Co-piloting the ship with Takada is business partner Colin Renshaw, the colleague who convinced him the pair had what it took to go out on their own in 2011, after they’d collaborated on several assignments for their former employer.

“Once we realised we worked together so well and complemented each other it seemed logical to take the next step and branch out,” Renshaw says. “We really wanted to take a punt on ourselves and away we went. It was a complete leap of faith. We were backing ourselves, and we also convinced some of our closest friends and colleagues to do the same.
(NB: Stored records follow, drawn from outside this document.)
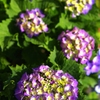 紫陽花いろとりどり4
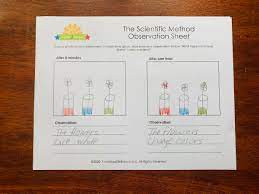 Your kids will love learning about how plants drink water with this simple experiment. The Scientific Method Footsteps2brilliance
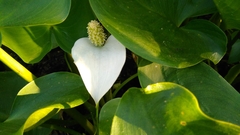 Calla palustris
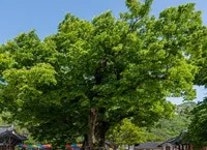 개령서부구판장 | 개령서부초등학교 - 나무위키 개령서부초등학교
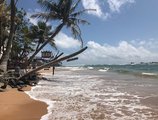 Polina Beach Resort в Хиккадува Шри Ланка ✅. Забронировать номер онлайн по выгодной цене в Polina Beach Resort. Трансфер из аэропорта.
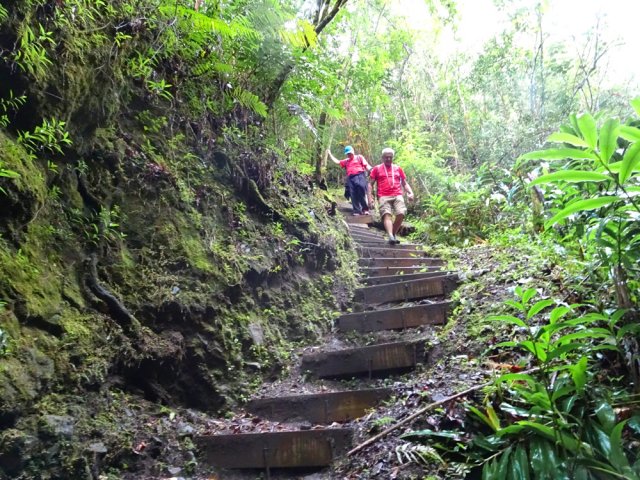 Forte descente vers une jolie ravine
We had nothing on the slate but a lot of hopes.”

Rising to the challenge was nothing new for Takada, who had to do so back in 1988 when his father’s job with a Japanese landscape design company brought the family to Brisbane.

He spent eight months learning rudimentary English at the Milpera State High School for migrants before enrolling at Brisbane Grammar School where a third language, German, was also on the curriculum – and no quarter was given to the new boy.

“I was surrounded by helpful people but thrown into a competitive environment,” Takada says. “It was challenging but I played a lot of sport as well – basketball and rugby – and made friends that way.”

After completing tertiary studies in leisure management, Takada returned to Japan where he spent eight years working in the IT and advertising industries before being headhunted back to Australia in 2005 for an advertising production gig.

A solid contact book and a good name in the trade meant he was not scratching for work when he and Renshaw handed in their notice and hung up a shingle six years later.

Within a month – before they’d inked a lease for office space – the pair had landed their first gig, the much admired Tooheys Extra Dry “Nocturnal Migration” TVC for BMF, featuring a herd of nightclubbing deer; and beating overseas off competition in the process.

“I never thought in a million years we’d win that job … we were nobody, we were a couple of passionate guys who had a few contacts – but we did, and there was strong momentum at the start,” Takada says. “After the launch of our first ‘masterpiece’ demand was high, and soon we had to turn down jobs.”

Dedication to producing world-class effects has propelled the firm from skeleton start-up to a fully-fledged small business, which has doubled its turnover in the past 12 months.

That and the yin and yang of his partnership with Renshaw, adds Takada.

“We have the leadership of Colin as an entrepreneur, and creatively he’s the best. I’m behind-the-scenes, the engine room guy – I try to keep a steady ship,” he says. “Creativity over commerce is our motto. We take nothing for granted and make the most of opportunities.”

Being grateful for those he received as a youngster has provided much of the motivation to build a successful enterprise in his adopted hometown.

“The Ethnic Business Award is one of the most rewarding I’ve received,” Takada says. “I said to myself after being educated in Australia, I always wanted to pay back all the favours and contribute to the country. Running a successful business is one of the ways I can acknowledge and honour what I’ve been given.”